UK Chancellor Rishi Sunak is to pledge more than £400m to the struggling arts and cultural sectors in the upcoming Budget tomorrow (Wednesday).

The funding pledge – unveiled by Treasury officials on Monday evening – will add a further £300m to the Culture Recovery Fund, taking the total to £1.87bn and contributing to the largest ever one-off investment in UK culture. The fund was launched in July 2020 to support theatres, galleries and music venues to survive through the COVID-19 shutdown of live events.

In addition, £90m will be granted to national museums and cultural bodies in England, with a further £18.8m to go towards community cultural projects.

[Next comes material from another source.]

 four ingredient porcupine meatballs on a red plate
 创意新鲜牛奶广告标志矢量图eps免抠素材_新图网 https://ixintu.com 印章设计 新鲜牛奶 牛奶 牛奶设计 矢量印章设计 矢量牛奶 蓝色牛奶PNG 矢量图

Some £77m is expected to be granted to Scotland, Wales and Northern Ireland for disbursing to local cultural groups.

In a pre-Budget statement, Sunak said: “Throughout the crisis we have done everything we can to support our world-renowned arts and cultural industries, and it’s only right that we continue to build on our historic package of support for the sector.

“This industry is a significant driver of economic activity, employing more than 700,000 people in jobs across the UK, and I am committed to ensuring the arts are equipped to captivate audiences in the months and years to come.”

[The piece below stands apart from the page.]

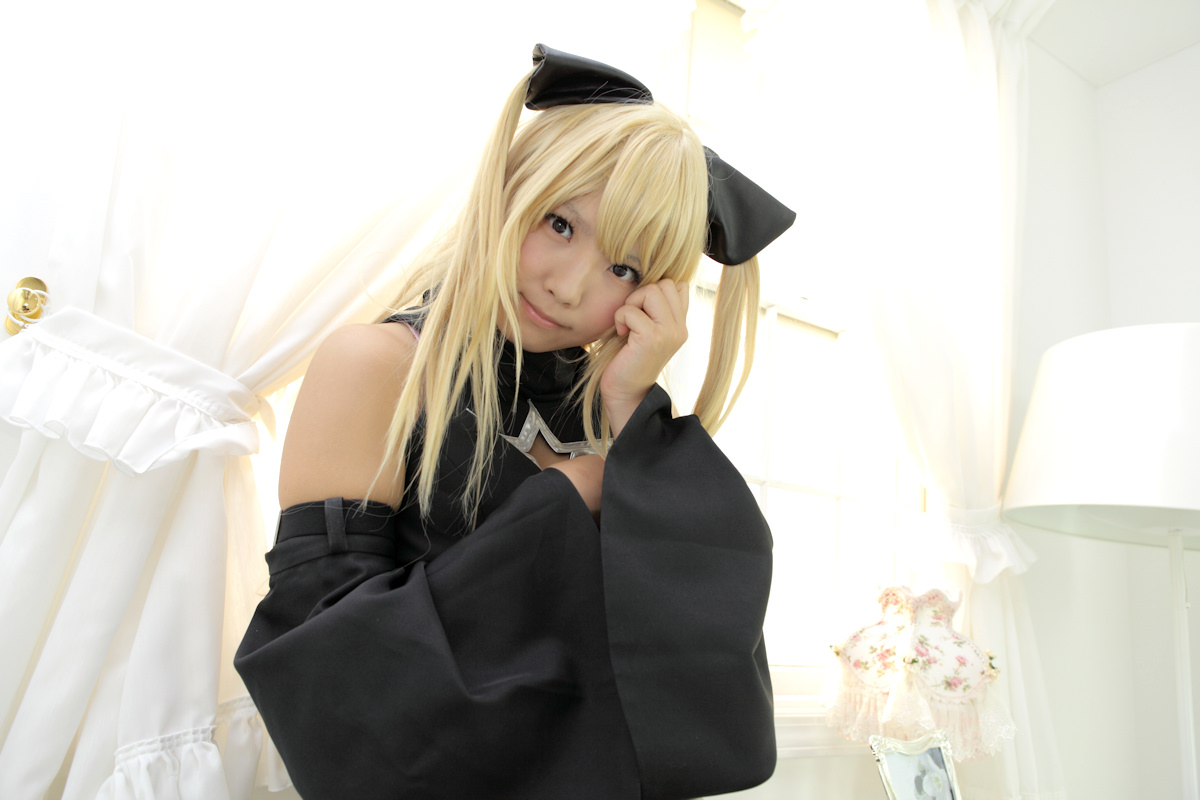 asian blonde_hair breasts cosplay enako female long_hair pigtails solo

UK Music chief executive Jamie Njoku-Goodwin welcomed the boost as a “lifeline” for creative industries, but said an insurance scheme was “vital” for the return of live events.

Njoku-Goodwin, who heads the umbrella organisation representing the commercial music industry in the UK, said: “Extending the CRF was a key element of our three-point plan to back British music and deliver a fantastic summer of live music.

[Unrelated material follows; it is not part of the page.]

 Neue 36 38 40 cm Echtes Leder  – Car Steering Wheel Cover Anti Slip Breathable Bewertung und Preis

“So, the Chancellor deserves credit for listening to the music industry about continuing support until we can get back on our feet. These badly needed funds come at a crucial time and will be the difference between survival and going to the wall for many organisations.

“The music industry has the potential to play a key role not just in our country’s social revival post-pandemic, but in our economic recovery too. We will continue to work with the Government towards achieving this – and a Government-backed insurance scheme is vital in making that happen.”

Based on the UK’s current roadmap to reopening, the earliest that arts venues such as theatres and cinemas can reopen is May 17.

In addition to the support for the arts in the budget, the Chancellor is also expected to announce a £300m sports package, as audiences for live games are gradually allowed back into stadiums over the summer.